== SUPPLIED DATA ==

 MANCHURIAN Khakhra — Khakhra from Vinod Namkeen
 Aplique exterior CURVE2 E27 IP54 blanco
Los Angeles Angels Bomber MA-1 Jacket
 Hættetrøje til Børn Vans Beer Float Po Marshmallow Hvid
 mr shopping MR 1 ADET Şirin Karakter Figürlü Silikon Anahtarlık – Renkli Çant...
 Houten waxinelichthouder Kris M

===
== SUPPLIED DATA ==

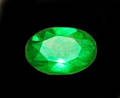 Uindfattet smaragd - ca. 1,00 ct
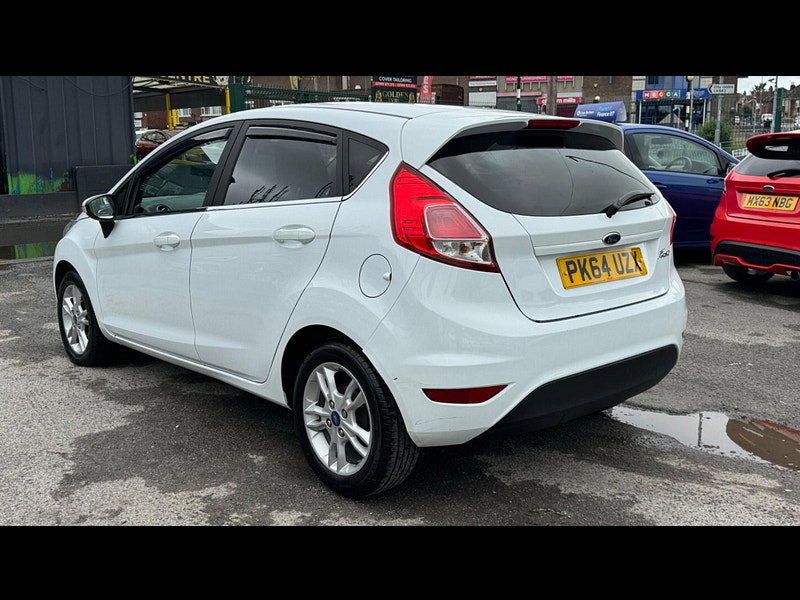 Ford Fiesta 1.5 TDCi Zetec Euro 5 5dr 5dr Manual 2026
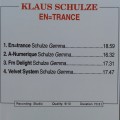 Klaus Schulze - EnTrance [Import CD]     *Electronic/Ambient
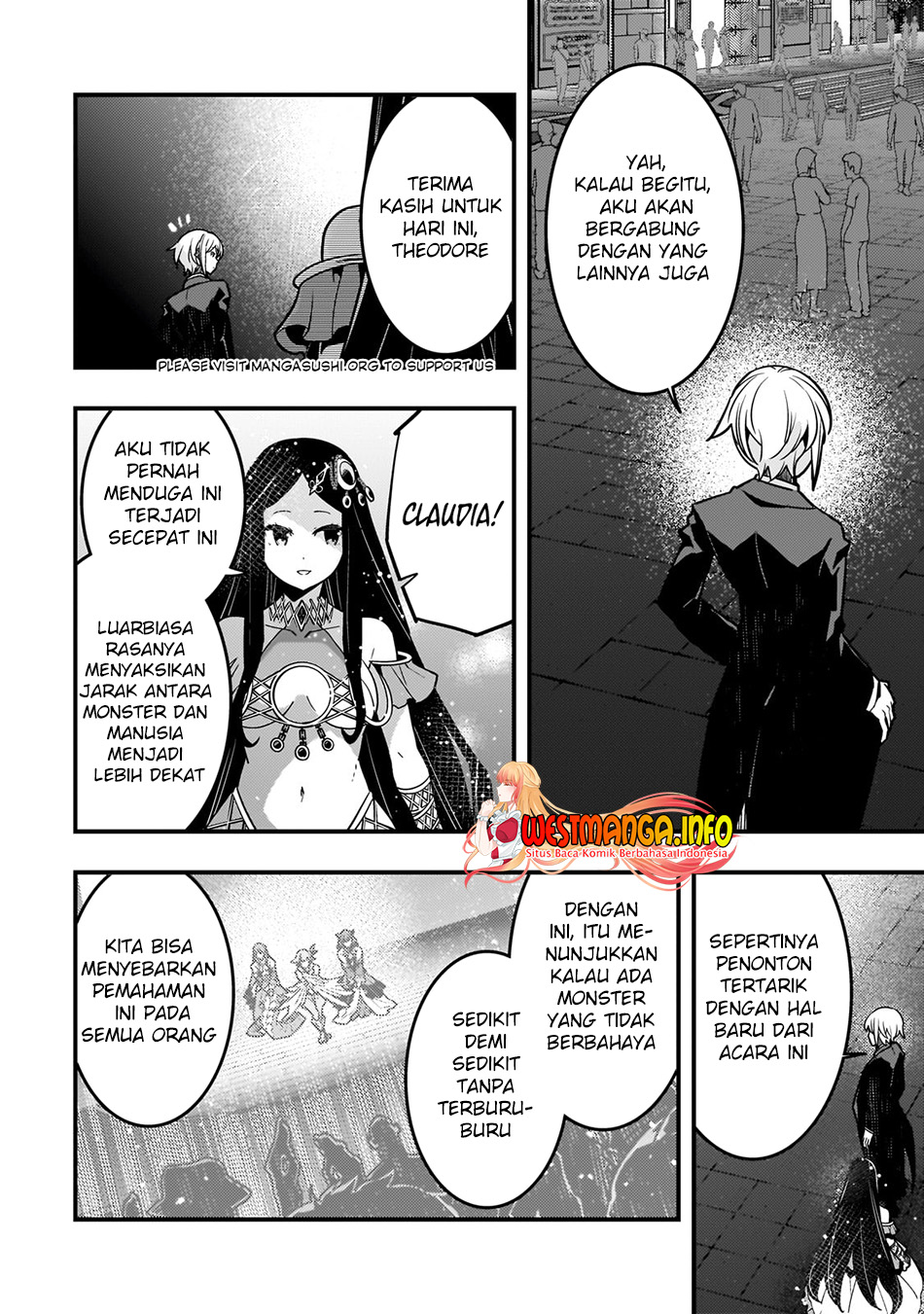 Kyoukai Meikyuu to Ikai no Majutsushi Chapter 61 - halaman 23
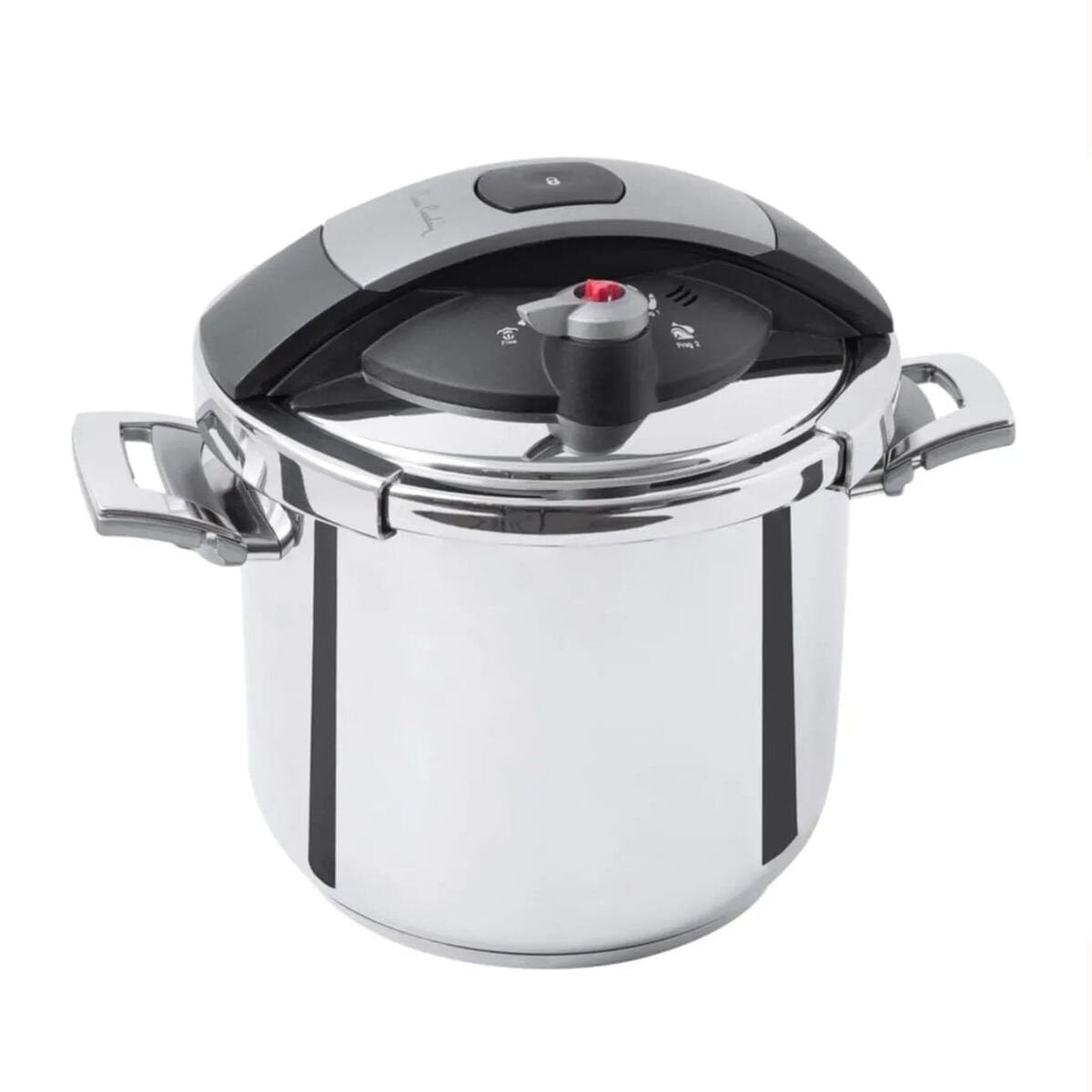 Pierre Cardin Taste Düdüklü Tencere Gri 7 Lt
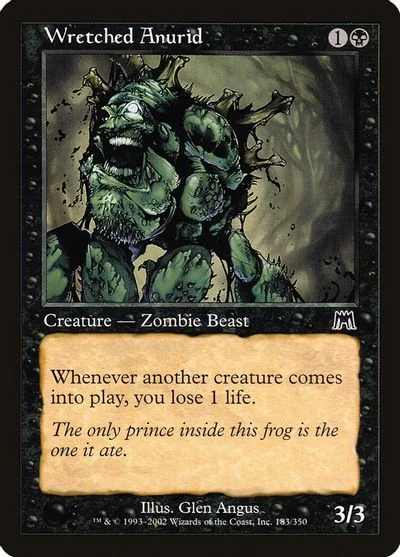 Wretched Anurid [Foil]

===
== SUPPLIED DATA ==

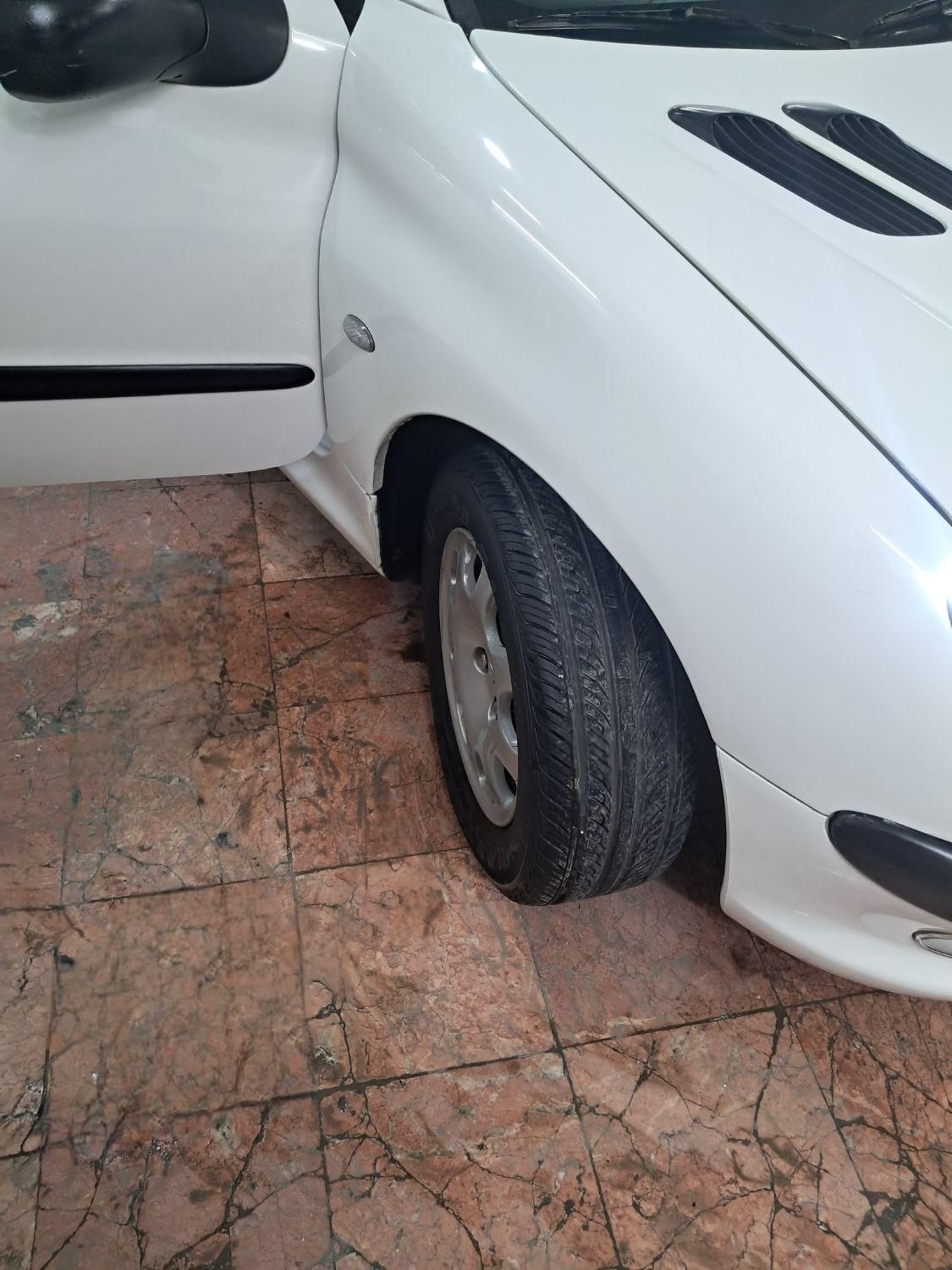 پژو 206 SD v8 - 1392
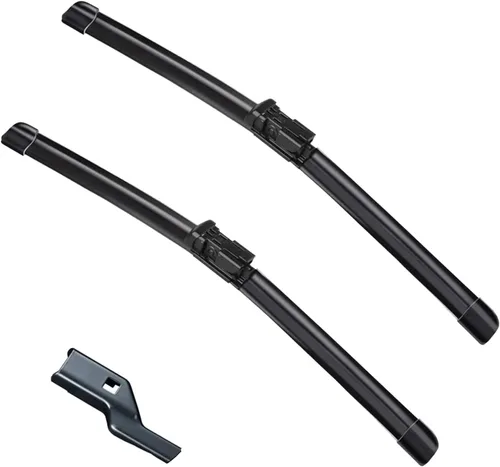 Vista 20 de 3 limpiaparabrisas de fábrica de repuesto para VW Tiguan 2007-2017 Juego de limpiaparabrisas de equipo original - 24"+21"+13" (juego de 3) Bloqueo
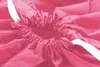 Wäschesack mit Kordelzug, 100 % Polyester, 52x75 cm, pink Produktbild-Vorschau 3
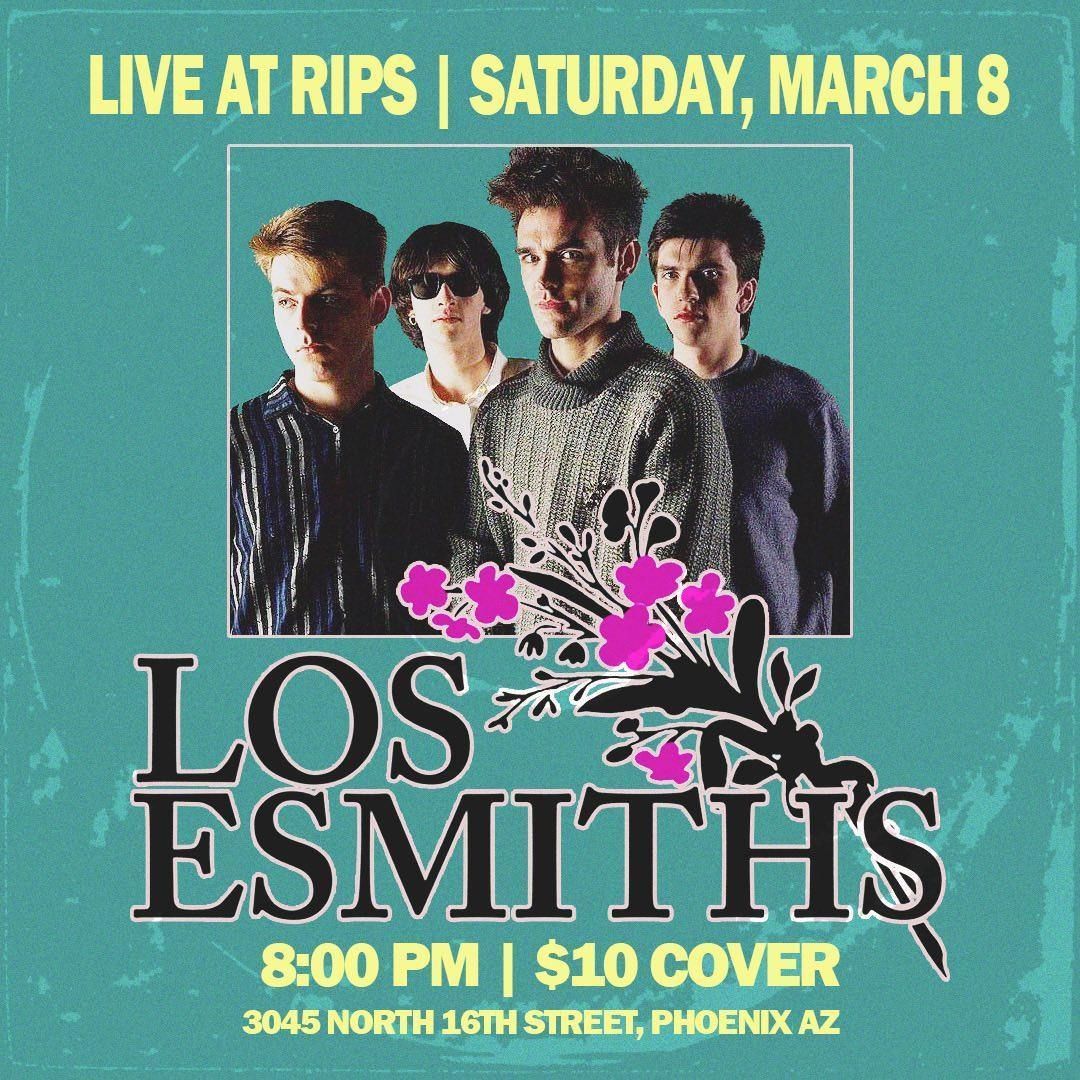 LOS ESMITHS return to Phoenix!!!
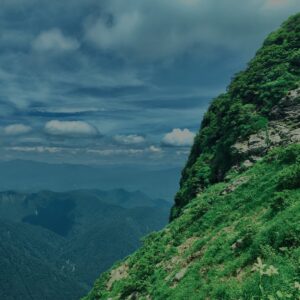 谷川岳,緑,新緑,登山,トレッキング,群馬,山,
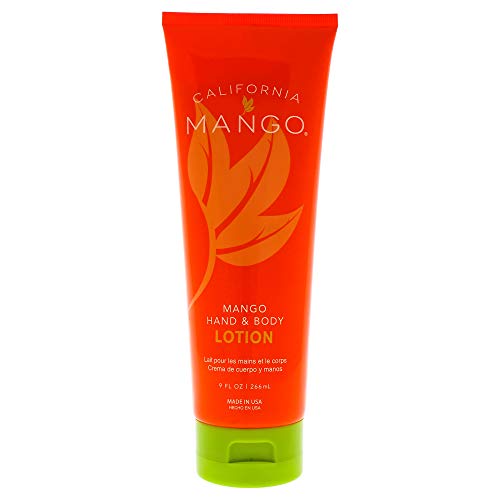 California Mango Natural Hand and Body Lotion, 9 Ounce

===

Keep to the lines above from the line with "پژو 206 SD v8 - 1392" to the line with "California Mango Natural", and set down exactly those, inclusive, with nothing else and every picture left out.

 پژو 206 SD v8 - 1392
 Vista 20 de 3 limpiaparabrisas de fábrica de repuesto para VW Tiguan 2007-2017 Juego de limpiaparabrisas de equipo original - 24"+21"+13" (juego de 3) Bloqueo
 Wäschesack mit Kordelzug, 100 % Polyester, 52x75 cm, pink Produktbild-Vorschau 3
 LOS ESMITHS return to Phoenix!!!
 谷川岳,緑,新緑,登山,トレッキング,群馬,山,
 California Mango Natural Hand and Body Lotion, 9 Ounce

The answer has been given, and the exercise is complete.